- _Task details_: Every line of the material below should be output exactly as written, with the images skipped.

- _Data_:
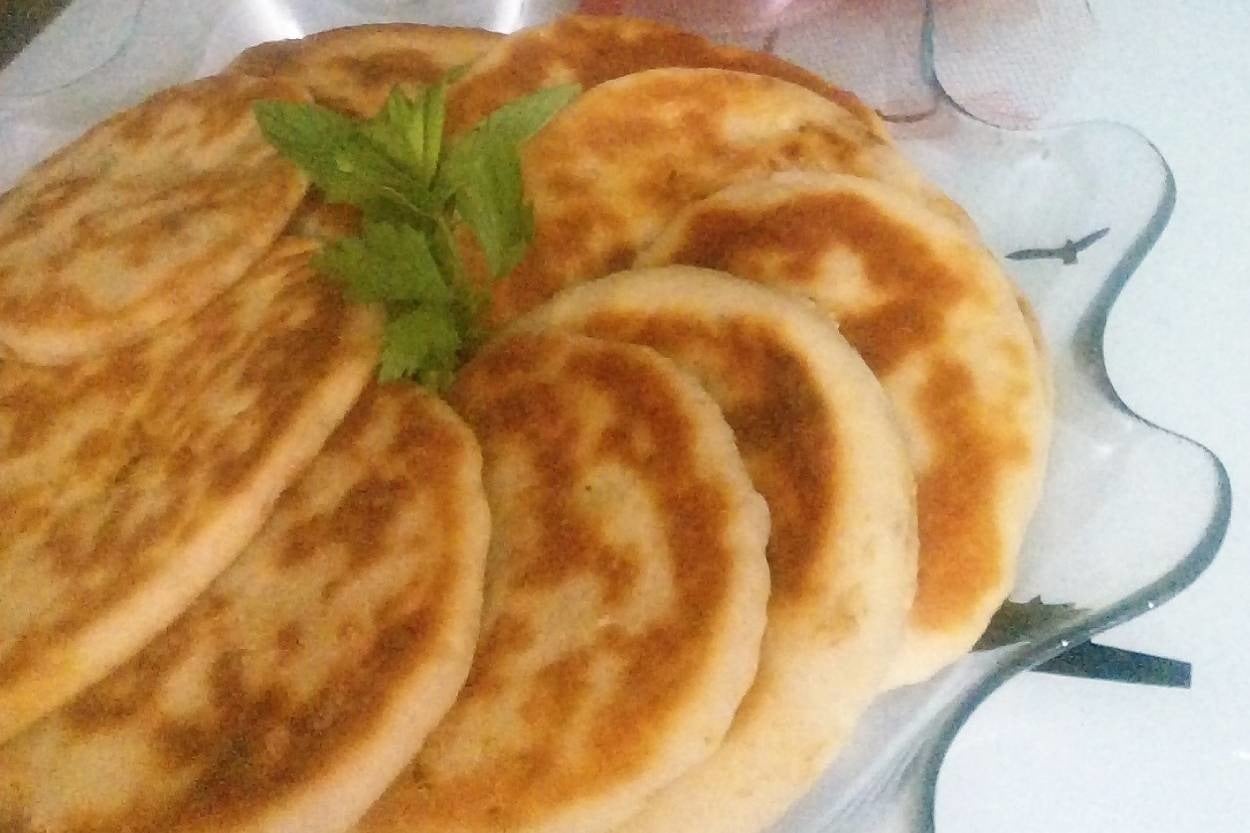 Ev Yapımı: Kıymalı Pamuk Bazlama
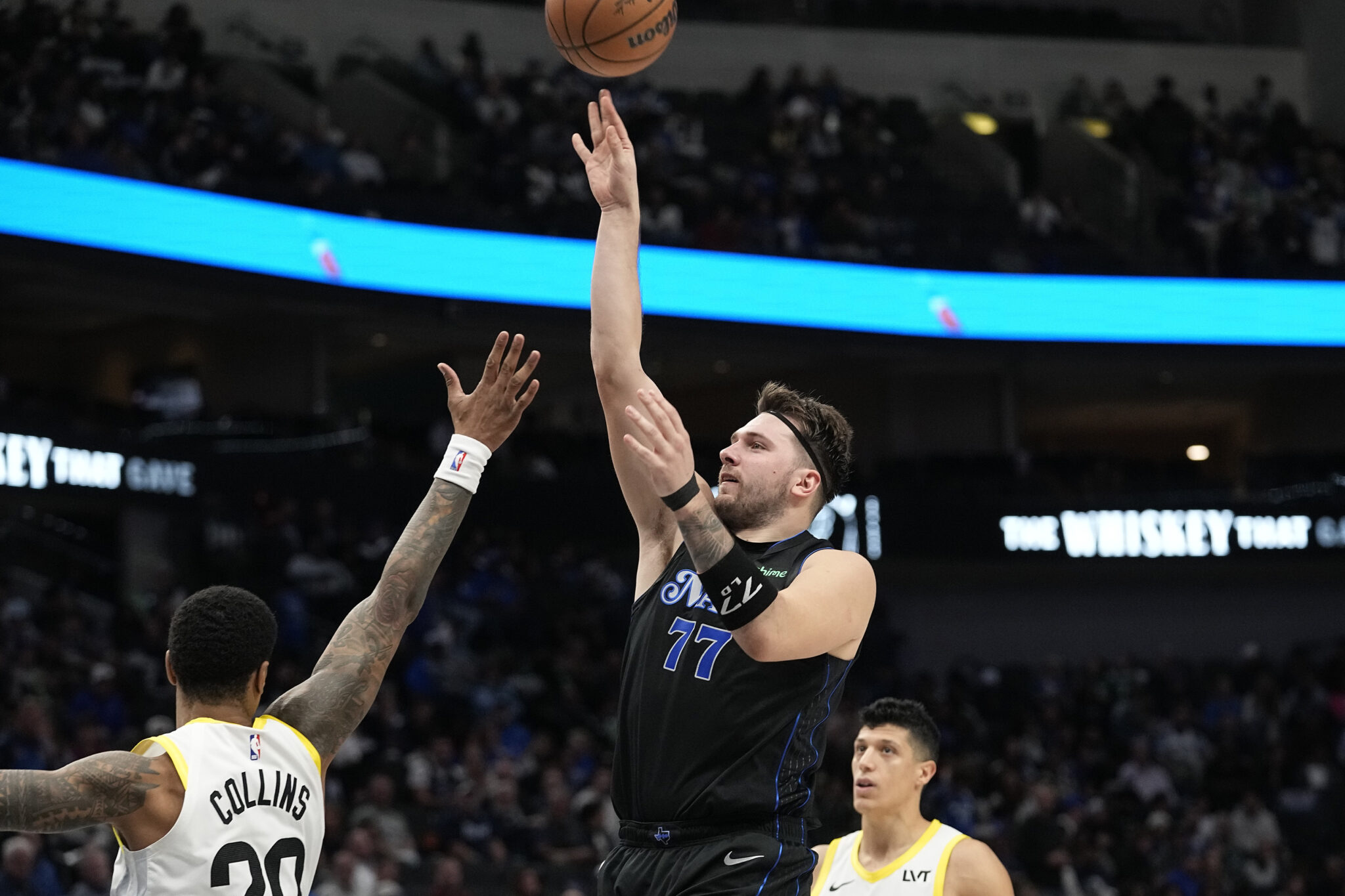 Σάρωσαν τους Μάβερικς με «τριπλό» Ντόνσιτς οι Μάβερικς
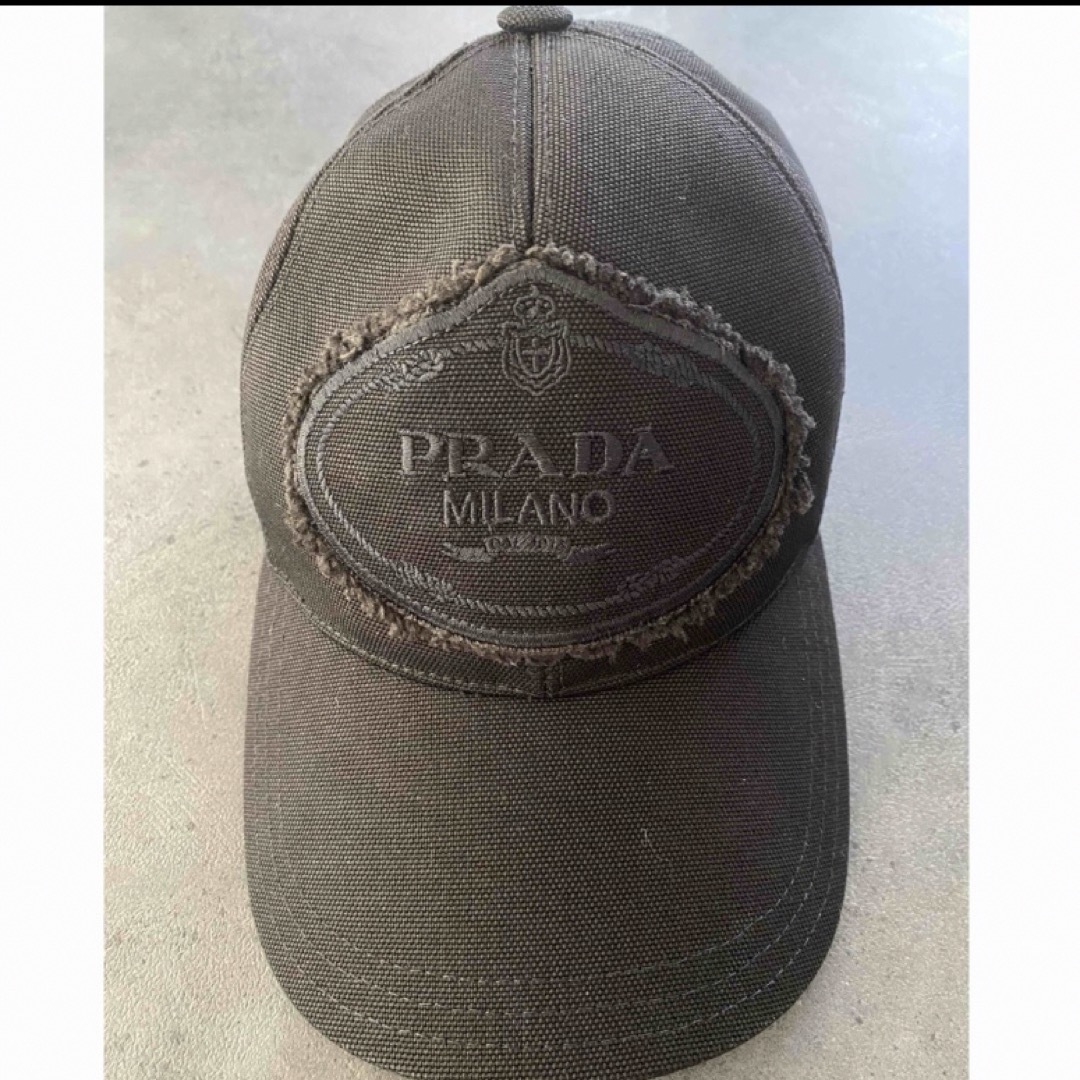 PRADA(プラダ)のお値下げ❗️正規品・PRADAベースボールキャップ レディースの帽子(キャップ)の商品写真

- _Task answer_:
 Ev Yapımı: Kıymalı Pamuk Bazlama
 Σάρωσαν τους Μάβερικς με «τριπλό» Ντόνσιτς οι Μάβερικς
 PRADA(プラダ)のお値下げ❗️正規品・PRADAベースボールキャップ レディースの帽子(キャップ)の商品写真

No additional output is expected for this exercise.